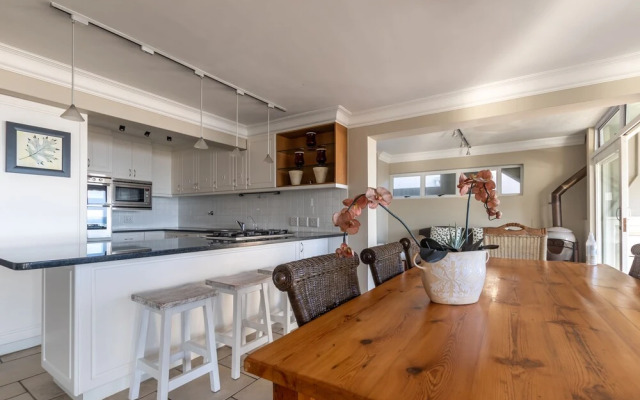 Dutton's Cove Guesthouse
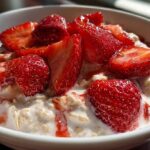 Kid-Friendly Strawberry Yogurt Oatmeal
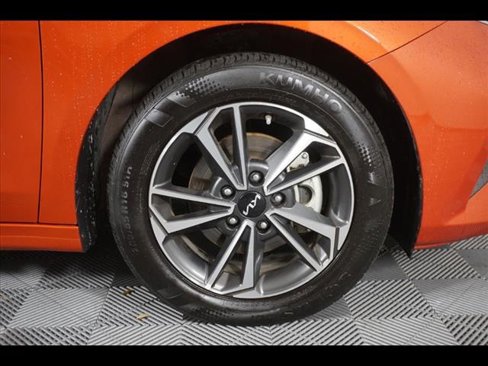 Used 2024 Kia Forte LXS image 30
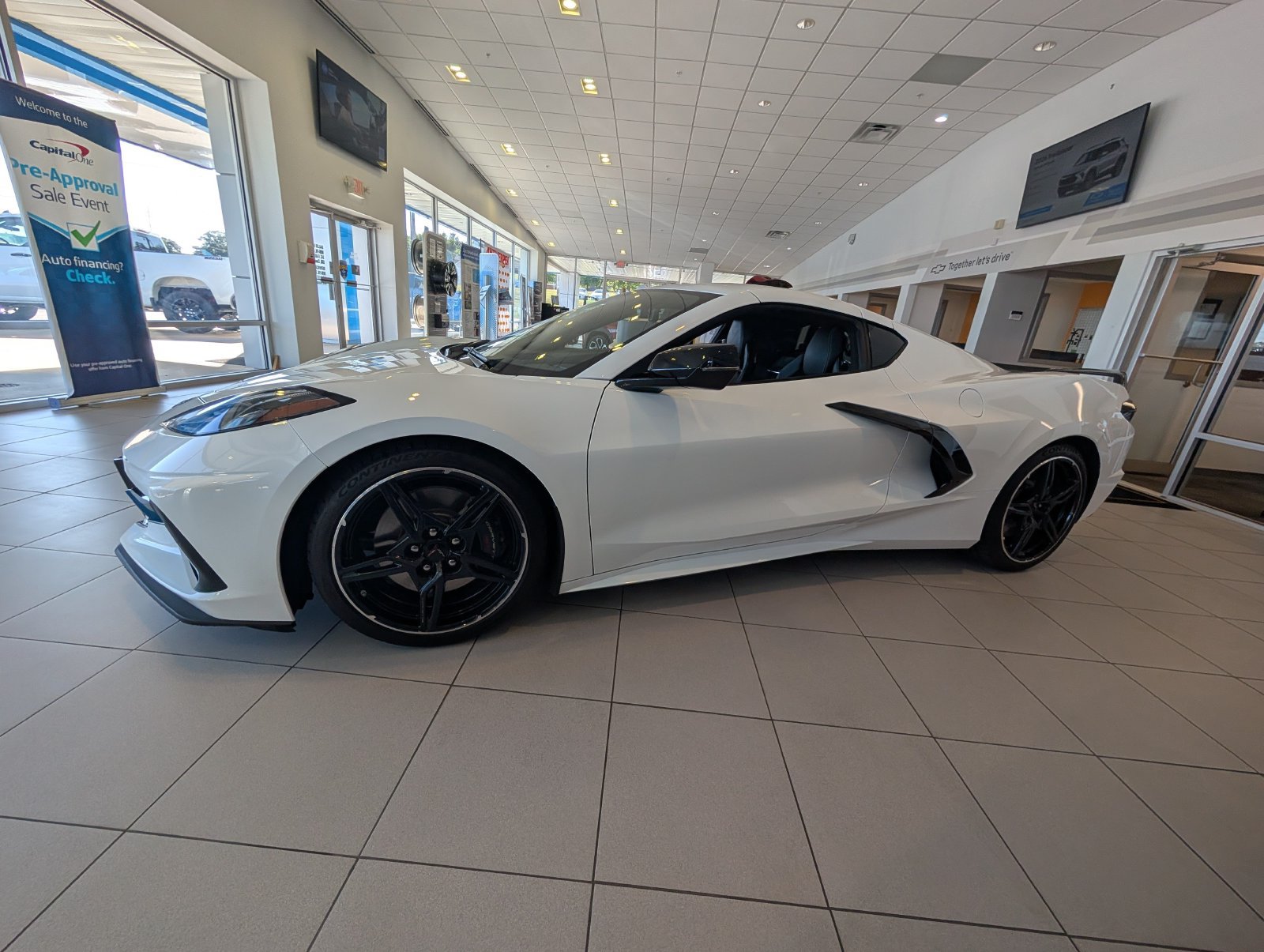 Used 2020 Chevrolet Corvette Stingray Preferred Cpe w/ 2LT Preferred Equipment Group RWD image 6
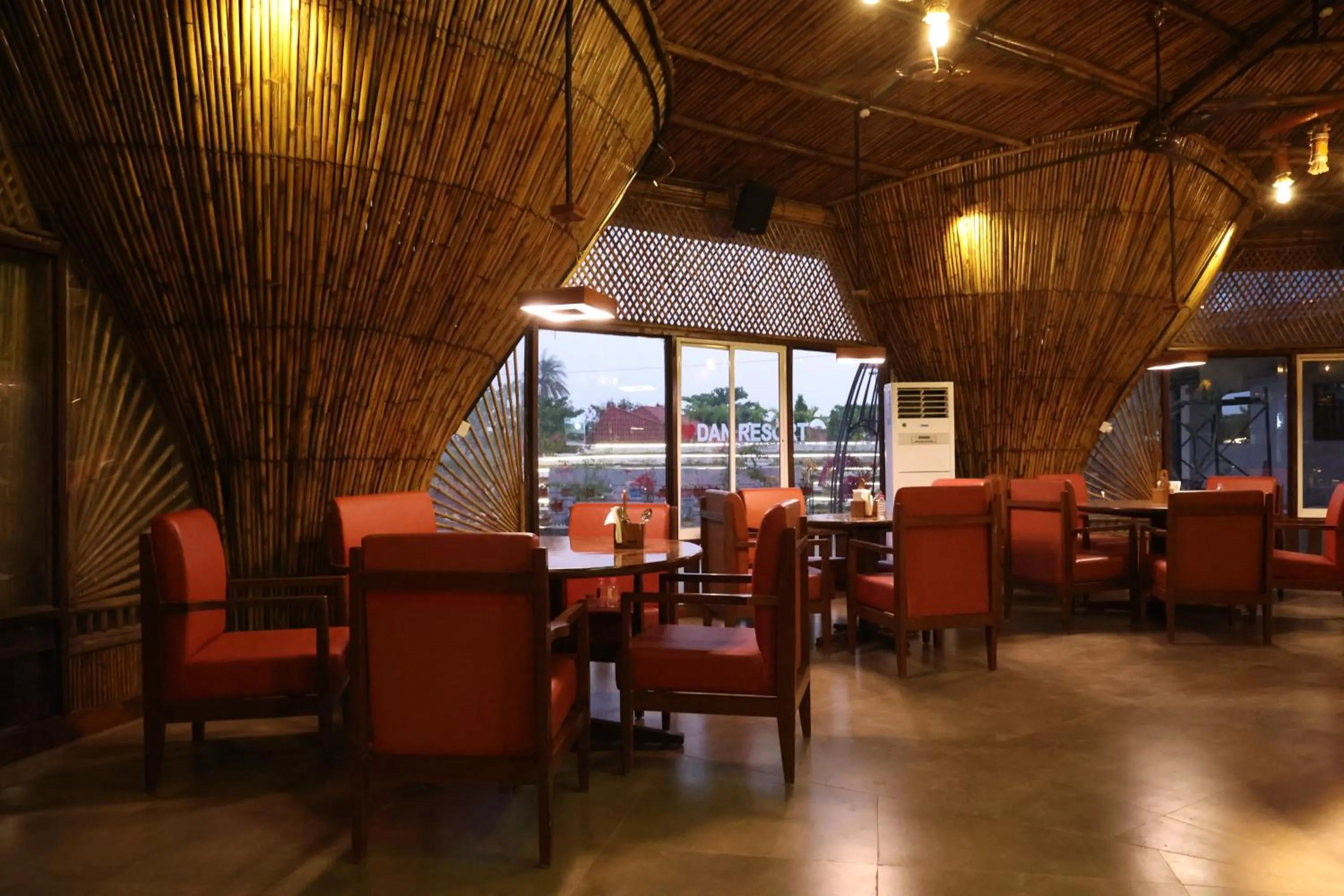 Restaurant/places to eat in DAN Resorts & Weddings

====================

Print each line of the material above exactly, with the pictures removed from your copy.

_YOUR SOLUTION_
 Dutton's Cove Guesthouse
 Kid-Friendly Strawberry Yogurt Oatmeal
 Used 2024 Kia Forte LXS image 30
 Used 2020 Chevrolet Corvette Stingray Preferred Cpe w/ 2LT Preferred Equipment Group RWD image 6
 Restaurant/places to eat in DAN Resorts & Weddings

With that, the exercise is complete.